Rose, la première de classe donna toutes les figures de style et sourit fièrement « On a une vraie personnification au vers 1 Madame ». « Oui, Rose, tout à fait, mais elle sert à quoi cette personnification ? » rétorqua, d’une voix lasse, l’enseignante.

Joshua, la tête baissée, esquissait une silhouette ténébreuse sur le texte de Baudelaire. Jean semblait compter les minutes voire les secondes qui le séparaient de la récréation. Laure tressait ses cheveux. Sophie caressait entre ses deux doigts son écharpe de soie. Marie prenait des notes en respectant le rigoureux code couleur qu’elle s’était imposé. Rouge pour les figures de style, bleu pour les champs lexicaux… La professeure la regardait, désespérée.

« Bon, les 1ères, je sais que c’est difficile. Mais vous devez le sentir… vous êtes en train de boire un café entre amis et tout à coup, vous la voyez…que ressentez-vous ? »

Personne ne répondit, alors, elle regarda Hannah. Et, elle l’attendait…

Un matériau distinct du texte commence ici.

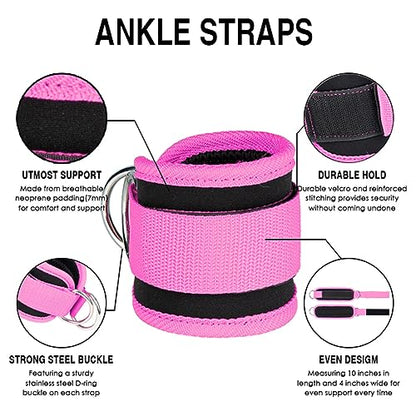 Ankle Straps Ankle Resistance Bands Wrist Cuffs Padded Straps Adjustable Fitness Glute Kickback D-Ring for Cable Machine Gym Foot Leg Training Brace Support 1 Pair - color: pink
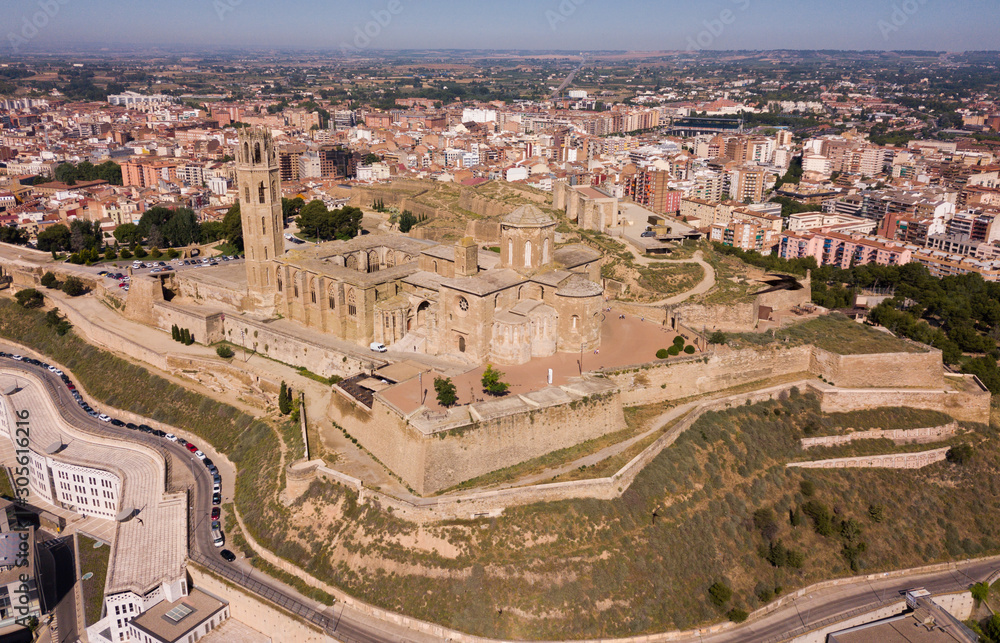 Aerial view of Lleida with Old Cathedral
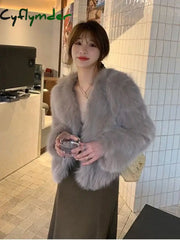 Cyflymder Autumn and Winter New Imitation Fox Fur Grass Women’s Winter Short Style Temperament Coat Thick Open Collar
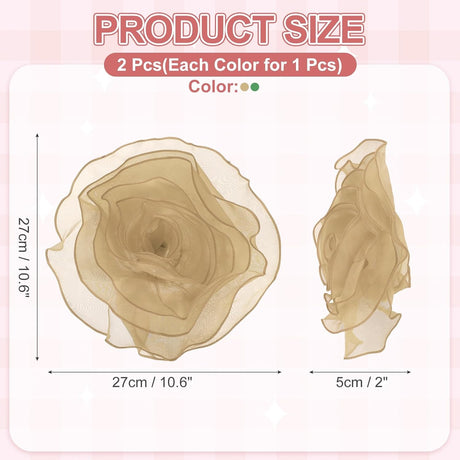 Large Satin Fabric Flower Brooch for Women Organza Elegant Floral Pins Brooches Wedding Dance Party Clothes Dress Hat Accessories Green, Khaki -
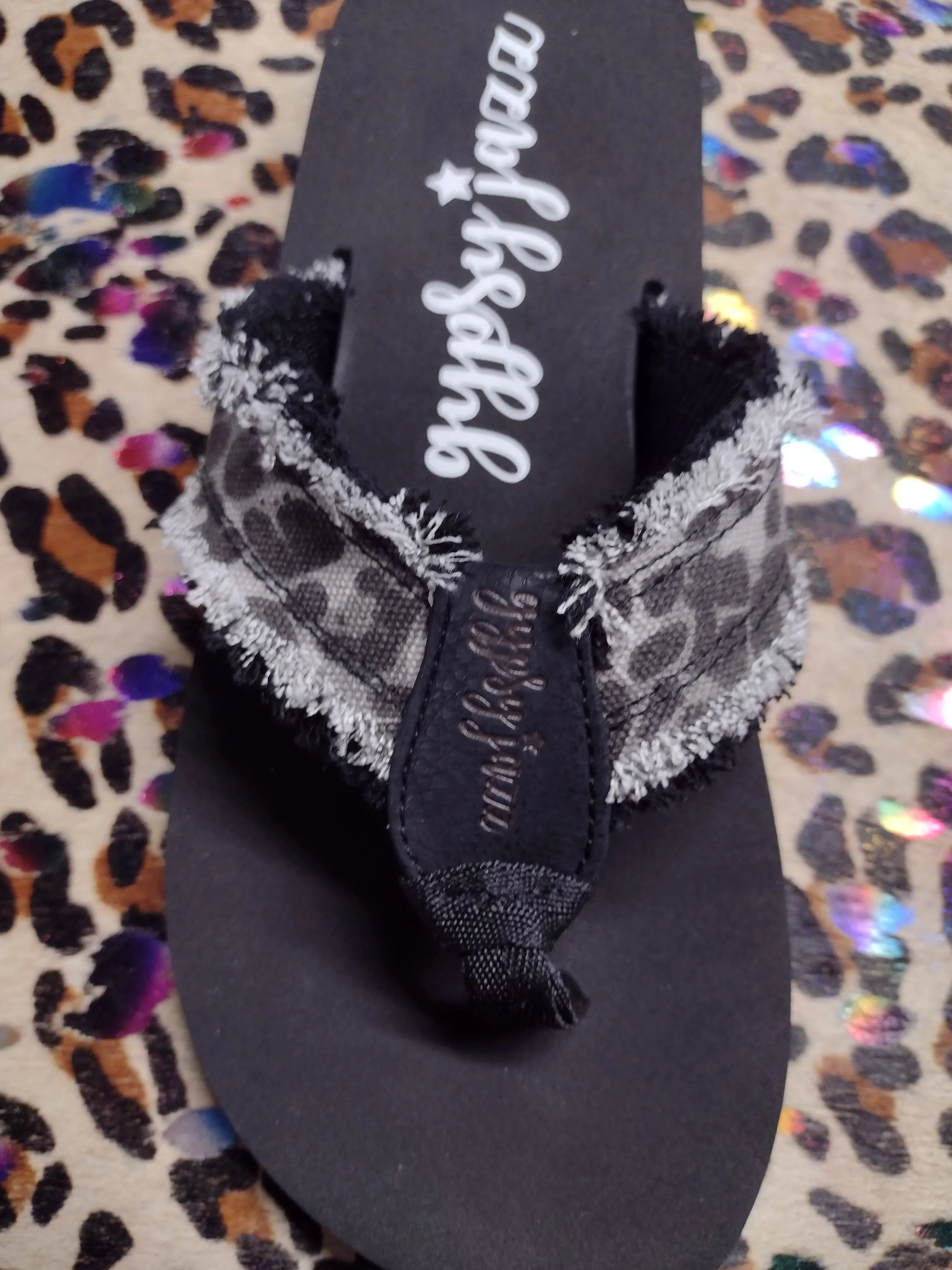 Grey Leopard Flip Flops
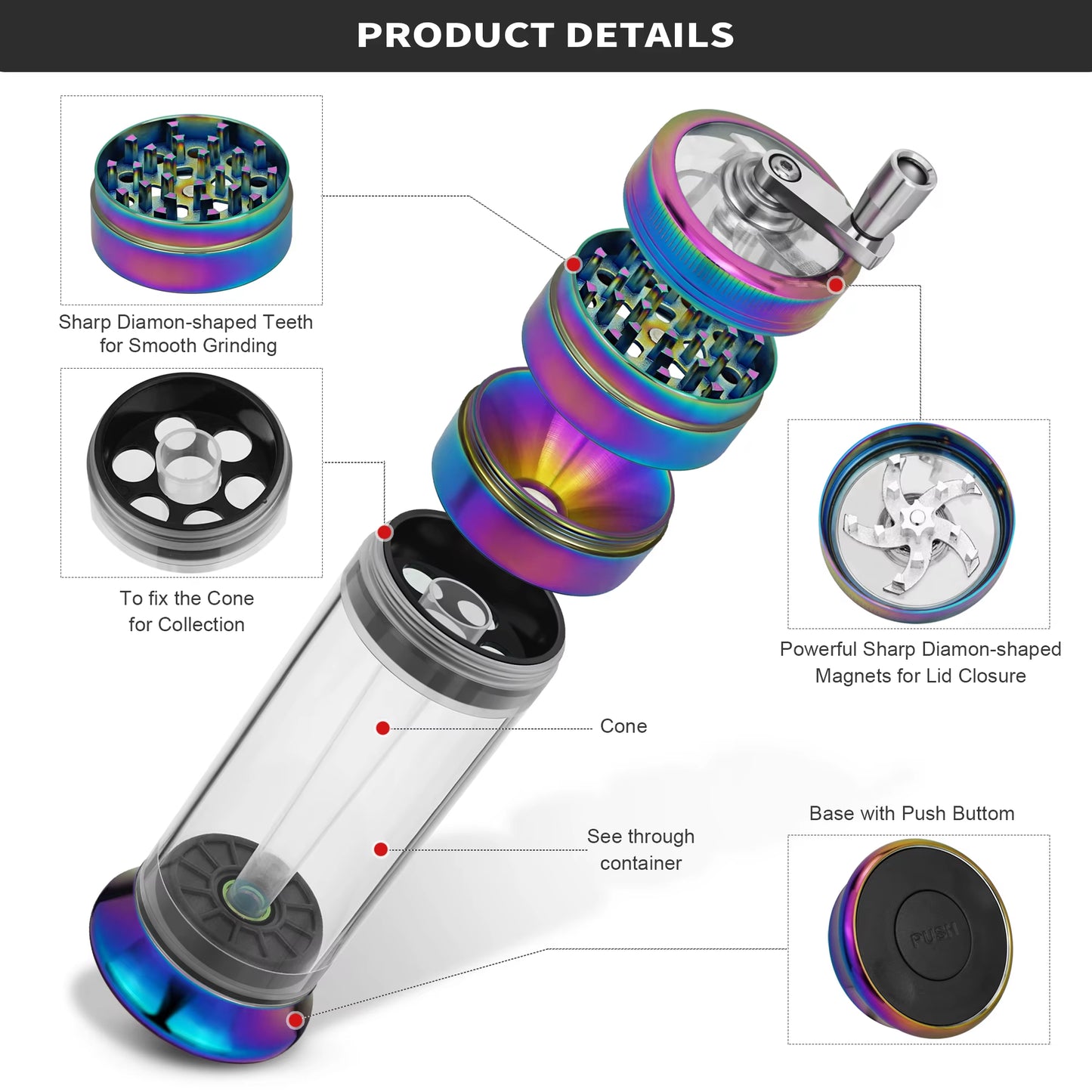 4 Layer 50Mm Joint Roller Cigarette Making Machine Manual Aluminum Spice Grass Herb Tobacco Grinder Crusher Smoking Accessories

Ce que ressentait Hannah… Comment le lui dire ? Le vide et le tout simultanément. Elle revoyait cette jeune fille aperçue la veille sortant du restaurant, bras dessus, bras dessous avec un homme plus âgé, son frère, son père, son mec peut-être. Ce fut sa passante. Elle avait croisé son regard. Dans ses yeux, la vérité du désir. Dans l’air vaporeux de ses cheveux, le parfum de son corps et la vitalité de ses émois. Dans le balancement de ses seins, la beauté fugitive d’une sexualité commencée trop tôt. Dans le déhanché de sa silhouette gracile, une renaissance. Laquelle ? La sienne. Celle qui lui permet, quelquefois, de rejoindre le monde des Idées, le monde d’en-haut. La vision de l’éternité. Tout à coup, elle ressent une vive brûlure à la main droite. Sa cigarette s’était consumée toute seule et commençait légèrement à embraser sa peau délicate. Claire l’en débarrassa violemment en poussant un petit cri. Le temps d’un instant et elle avait disparu. Qu’avait-elle vu en elle ?


La douceur qui fascine et le plaisir qui tue.


« La passante lui a permis d’exister et de mourir en même temps. Mais c’est son reflet qu’il a vu en elle. Le reflet du poète, je veux dire…enfin, bref, la passante c’est lui, à la fois présent et éphémère. Et c’est nous, du coup…Bref le spleen quoi… » Hannah buta sur les derniers mots. Elle en avait à la fois trop dit et pas assez. Elle le fit sans regarder son professeur, la tête baissée sur son stylo qui gribouillait son texte.

Elle avait bien conscience qu’elle n’avait pas dit ce qu’il fallait, que c’était trop tôt, que c’était inopportun. Elle releva la tête et sa professeure lui sourit puis d’un ton embarrassé, dit : «Oui…Tout à fait…C’est ça… Mais…Euh… Bon revenons aux figures de style ? »


Claire se réveilla brusquement et regarda son amie. Hannah ne se retourna pas sur elle et jeta un dernier regard vers la fenêtre. Les quelques rayons du soleil lui caressaient la joue. Elle était passée, elle allait repasser.